Du 2 avril au 7 septembre 2015

La question du public

Comment choisir l'aide auditive qui convient le mieux?

Émission du 21 février 2008

«J’entends de moins en moins bien et j’aimerais savoir quels sont les appareils auditifs disponibles sur le marché.»

Notre experte invitée : Martine Gendron, audiologiste à l’Institut Raymond-Dewar

À quel moment s’aperçoit-on qu’on a besoin d’un appareil auditif?
Dès que l’on prend conscience que la perte auditive commence à déranger et à limiter nos activités, il faut penser à utiliser des appareils auditifs. Une autre indication pourrait être que notre handicap nous empêche de participer à des activités impliquant des échanges, par exemple une conversation.

Si la perte auditive affecte la vie de notre entourage, par exemple si notre conjoint est obligé de répondre au téléphone à notre place ou s’il doit répéter des propos parce qu’on les a ratés, il est temps de consulter.

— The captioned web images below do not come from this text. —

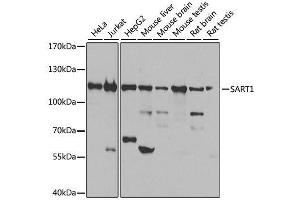 Image no. 2 for anti-Squamous Cell Carcinoma Antigen Recognized By T Cells (SART1) antibody (ABIN6147390)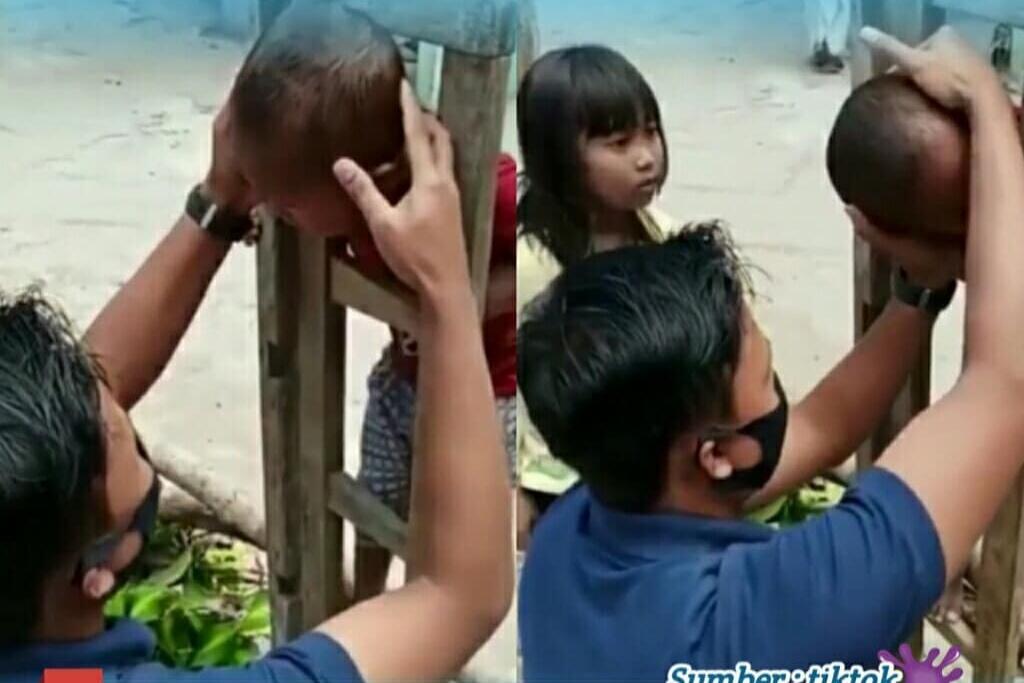 Kepala Bocah Terjebak di Sebuah Tangga, Seorang Pria Mengevakuasinya Dengan Cara ini!
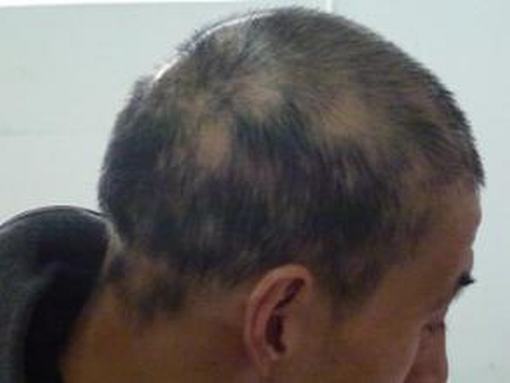 斑秃患者在生活中要注意什么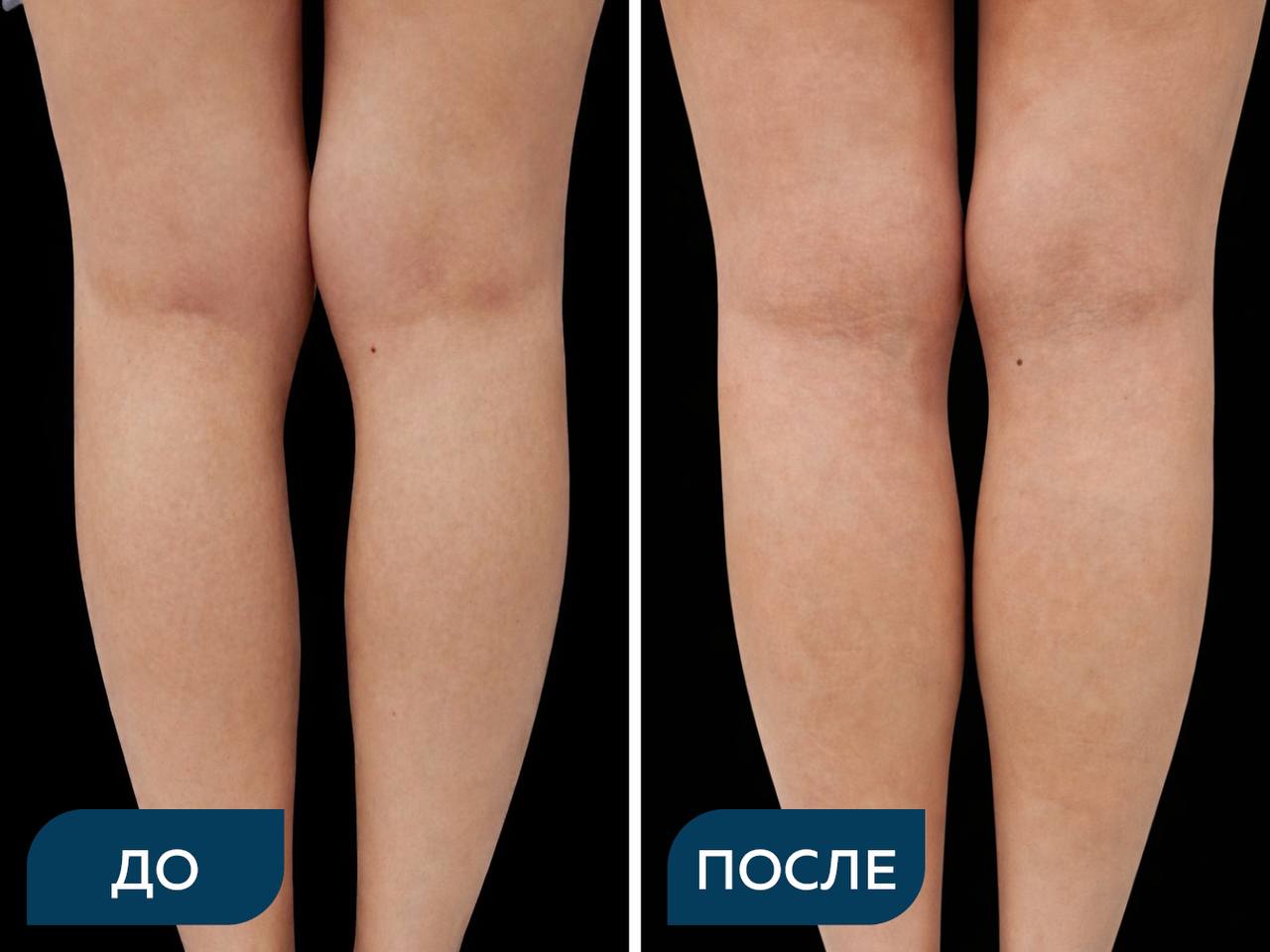 Эндопротезирование голеней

Avant d’opter pour une prothèse auditive, il faut passer un examen pour évaluer la perte et aussi mesurer la qualité de l’audition qui reste. Le handicap peut être léger, modéré, modérément sévère, sévère ou profond.

Comment choisir le bon type de prothèse auditive?
Dans les cas de perte légère de l’ouïe, la plupart des modèles peuvent convenir car l’appareil n’a pas besoin d’être très gros.

Pour les cas modérés, on peut opter pour des modèles dits intra-auriculaires, c’est-à-dire qu’ils sont placés à l’intérieur de l’oreille. La taille du modèle varie en fonction du degré de la perte auditive. Ce sont la plupart du temps des modèles beaucoup plus discrets, soit le demi-conque et l’intra-canal, qui sont utilisés. Pour les problèmes sévères et profonds, les plus petits appareils ne sont pas adaptés, particulièrement ceux qui s’insèrent profondément dans le conduit auditif. Ils exigent des amplificateurs plus puissants, donc de plus grande taille. Leur format est incompatible avec ce type de modèle. Il faut choisir alors un modèle plus gros dit de «pleine conque», c’est-à-dire qui épouse la région correspondante à la conque de l’oreille.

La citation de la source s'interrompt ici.